Un aveu par courrier
Selon les informations rapportées et confirmées par ses conseils, Cédric Jubillar a formulé cette reconnaissance de responsabilité dans un courrier manuscrit adressé à ses avocats, début juillet. Une prise de parole inédite, de la part d'un homme qui, depuis le début, clamait son innocence.
D'après ses avocats, ce revirement serait le fruit d'une relation de confiance nouée depuis leur reprise récente du dossier. Il reviendrait aussi sur son engagement à indiquer où se trouve le corps de son épouse, un élément qui, s'il se confirme, serait décisif.
Retour sur une disparition
Delphine Jubillar, infirmière et mère de deux enfants, avait disparu dans la nuit du 15 au 16 décembre 2020, à Cagnac-les-Mines, dans le Tarn. Son corps n'a jamais été retrouvé, ce qui a rendu l'enquête et le procès particulièrement complexes, faute de scène de crime établie.
En 2025, la cour d'assises du Tarn avait condamné Cédric Jubillar à trente ans de réclusion criminelle, tout en maintenant qu'il continuait de nier les faits. Il avait fait appel de cette condamnation.
Ce que cet aveu pourrait changer
La reconnaissance de responsabilité intervient à quelques semaines de l'ouverture du procès en appel, attendu à l'automne à Toulouse, rappelle France Bleu. Elle est susceptible de bouleverser le calendrier et la conduite des débats, et pourrait donner lieu à de nouveaux actes d'enquête, notamment si des recherches devaient être menées pour retrouver le corps.

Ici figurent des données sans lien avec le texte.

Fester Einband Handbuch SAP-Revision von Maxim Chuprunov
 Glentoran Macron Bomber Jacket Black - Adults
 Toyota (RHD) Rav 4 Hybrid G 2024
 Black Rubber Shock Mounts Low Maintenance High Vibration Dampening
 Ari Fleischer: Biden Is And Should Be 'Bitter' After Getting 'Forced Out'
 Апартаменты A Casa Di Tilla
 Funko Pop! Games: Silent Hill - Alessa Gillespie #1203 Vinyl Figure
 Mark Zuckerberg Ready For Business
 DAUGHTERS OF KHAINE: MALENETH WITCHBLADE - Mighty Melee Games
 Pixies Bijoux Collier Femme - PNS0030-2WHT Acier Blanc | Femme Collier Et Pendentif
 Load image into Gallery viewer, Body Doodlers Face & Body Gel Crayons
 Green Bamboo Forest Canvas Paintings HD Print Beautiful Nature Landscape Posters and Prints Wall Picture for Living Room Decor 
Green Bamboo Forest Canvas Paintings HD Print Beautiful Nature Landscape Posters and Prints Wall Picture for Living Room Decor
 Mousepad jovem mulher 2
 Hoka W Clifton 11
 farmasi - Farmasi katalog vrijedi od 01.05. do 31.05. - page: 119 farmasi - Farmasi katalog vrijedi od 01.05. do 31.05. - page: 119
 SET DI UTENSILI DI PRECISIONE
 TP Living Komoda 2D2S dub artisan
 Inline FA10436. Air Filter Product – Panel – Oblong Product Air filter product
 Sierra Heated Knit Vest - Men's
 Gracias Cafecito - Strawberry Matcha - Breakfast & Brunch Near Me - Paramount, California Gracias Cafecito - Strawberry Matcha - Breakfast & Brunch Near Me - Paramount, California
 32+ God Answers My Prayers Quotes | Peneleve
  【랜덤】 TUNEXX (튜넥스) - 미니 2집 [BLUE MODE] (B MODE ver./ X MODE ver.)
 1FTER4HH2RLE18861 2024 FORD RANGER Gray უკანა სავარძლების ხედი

La justice, saisie de ces éléments, a fait savoir qu'elle entendait agir sans tarder pour tout ce qui serait utile à la manifestation de la vérité.
Une onde de choc
L'annonce a provoqué une vive émotion, dans une affaire qui a durablement mobilisé l'opinion. Parmi les personnes qui avaient cru en son innocence, plusieurs ont exprimé leur désarroi. Du côté des proches de Delphine, l'espoir d'obtenir enfin des réponses, et de pouvoir lui rendre un dernier hommage, se fait jour.
Dans ce dossier douloureux, la retenue reste de mise : au-delà des éléments désormais publics, c'est à la justice qu'il appartiendra d'en tirer les conséquences, dans le respect des droits de chacun et de la mémoire d'une femme dont la disparition a bouleversé tout un pays.